In September 1894 Second Lieutenant Josef Kolbe joined the companies of his 50th Infantry Regiment garrisoned in Fogarasch (Hungarian: Fogaras / Romanian: Făgăraș), Transylvania. He was destined to spend the next seventeen years in this easternmost territory of the Austro-Hungarian Empire until his marriage in September 1911 to Emilie Däubel, who came from a long established family of Transylvanian Saxon settlers.
The region that came to be known as Transylvania had been the theatre of numerous invasions and colonisations from east and west, before it was conquered by the Hungarians in c895. The Hungarian speaking Székelys were subsequently settled on its sparsely populated land to secure it from further invasion. They were followed in the middle of the 12th century by German speaking farmers, miners and craftsmen, mostly from the western side of the middle and lower Rhine. The Hungarian King Géza II had invited them with the similar intention of forming a bulwark against raiders, but also to cultivate the land and develop the economy.
The German settlers came to be known as the “Siebenbürger Sachsen”, the Saxons of Transylvania. The name Saxon was not an indicator of their origins but rather the Latin name for a privileged German warrior class, and the term came to be applied to the German settlers, even eventually by the settlers themselves. The origin of the name Siebenbürgen, which is still an open question, is widely held to stem from the seven towns founded by the Transylvanian Saxons, one of which was Kronstadt (Brassó / Brașov), where the earliest recorded member of the Däubel family is mentioned in the church registers.
Each Transylvanian Saxon village had its fortified church, which had lodgings and storerooms built into the inner sides of the surrounding wall where the population could take refuge when danger threatened.
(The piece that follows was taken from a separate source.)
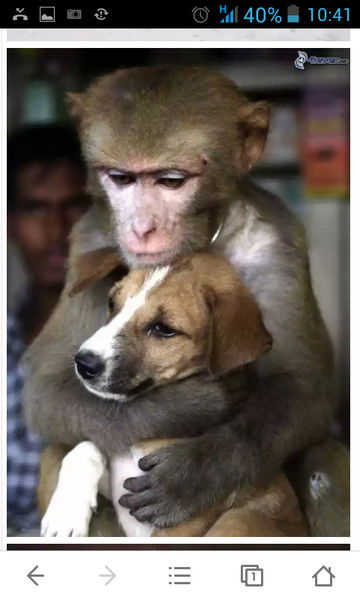 Ирина Чепрасова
The main threat came from the east, and the Hungarians were defeated by the Turks at the battle of Mohács, when Transylvania became an Ottoman vassal state, though it maintained its internal autonomy. Habsburgs and Ottomans vied for its supremacy for nearly two centuries, with the Habsburgs finally acquiring the territory shortly after the Battle of Vienna in 1683. In 1699 the Turks officially conceded their loss of Transylvania and in 1867 it was absorbed into the Hungarian part of the newly established Austro-Hungarian Empire.
The Transylvanian Saxons were originally catholic, but from 1546 embraced a version of Protestantism preached by Johannes Honterus, a Kronstadt man who had studied in various seats of learning in the Holy Roman Empire. The Black Church of Kronstadt was the first to be dedicated to the new Lutheran faith. Josef Kolbe became a convert in December 1904, not out of religious conviction, as he was extremely anti-church, but to fulfill a condition of marriage to Emilie Däubel.
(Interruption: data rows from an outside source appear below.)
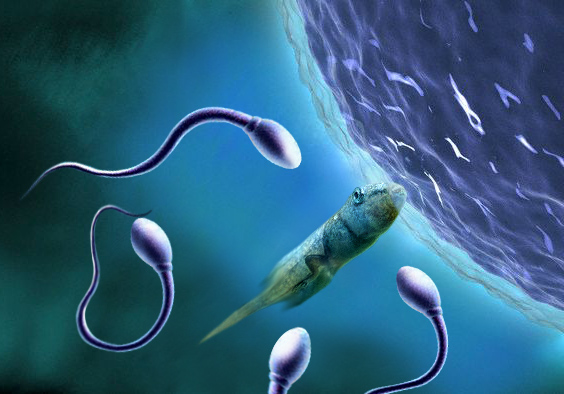 Diseño de Photoshop por TIOCHICO para DesignCrowd (Community Contests) | Diseño #9069963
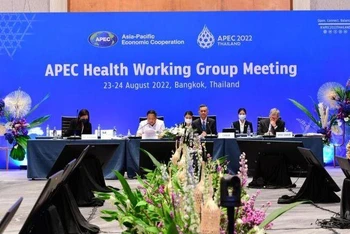 Hội nghị Các quan chức cấp cao APEC về nhóm làm việc y tế. (Ảnh: Bộ Y tế Thái Lan)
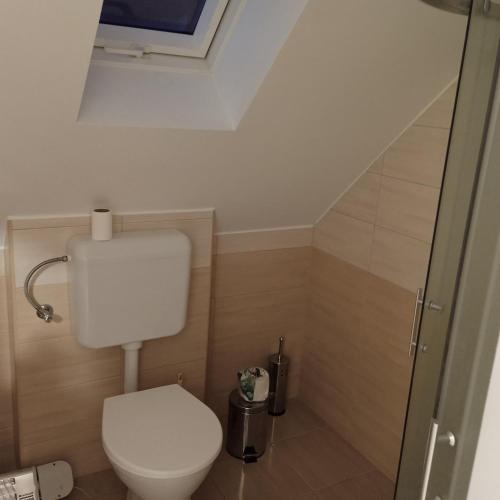 Hause with jacuzzi half hour from Budapest, Velence (photo 6)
Over the seventeen years he spent at the garrisons of Karlsburg (Gyulafehérvár / Alba Iulia), Kronstadt and in particular Fogarasch, Josef Kolbe came to consider Transylvania as his second home. He grew to love its wild, rugged beauty which, despite the ravages of communism, remains largely untouched to this day. He was never happier than when he was criss-crossing the countryside on foot, by bicycle, by ski or by raft. A keen mountaineer, speleologist and botanist, he also took a lively interest in history and archaeology, and was the founder of a number of clubs and a member of many others. During his peregrinations he was struck by the lack of a thorough and reliable guide book to reveal the natural beauty of Transylvania to the visitor, so in c1900 he took it upon himself to write a cyclist’s guide. It was obviously a success, as a second edition was published in 1902, keeping the same title but extending its scope to cover the then adjacent regions of Hungary, Bukovina and Romania for not only the cyclist, but the hiker and the general tourist. There were chapters on the history, geography, climate, population, agriculture, industry and tourism for each region, together with a detailed description of each itinerary and even a short trilingual table of useful phrases!
It was while he was garrisoned at Fogarasch that Josef Kolbe must have met his future wife. Though the Däubels can be traced back to c1665 in Kronstadt, within a year of their marriage in 1874, Paul Adolf Däubel and his second wife Juliana Langer moved to Fogarasch, where their children were subsequently born. The Däubel family occupied a typical Transylvanian house on a road leading out of town towards the railway station, while Josef Kolbe was probably quartered in the moated fortress dating back to the 14th century that dominates the town centre (now a museum). As seen on an earlier page, the couple must have got to know each other at around the turn of the century and engaged shortly afterwards. It was an engagement that lasted about ten years, as Josef Kolbe was never able to meet the financial criteria required for officers to marry, even on his Captain’s salary. The only solution was for him to leave the army, a decision he found very difficult to take. Emilie remained loyal over the years, probably encouraged by her family, as an officer of the Austro-Hungarian army was considered a “good catch”. (Perhaps the shrewd Transylvanian Saxons had seen which way the wind was blowing; Emilie’s cousin Elisabeth Langer was also strongly encouraged to make a similar match and move to the Austrian heartland.) Josef was 38 and Emilie 34 when they were finally married at the Lutheran church of Fogarasch on 21 September 1911.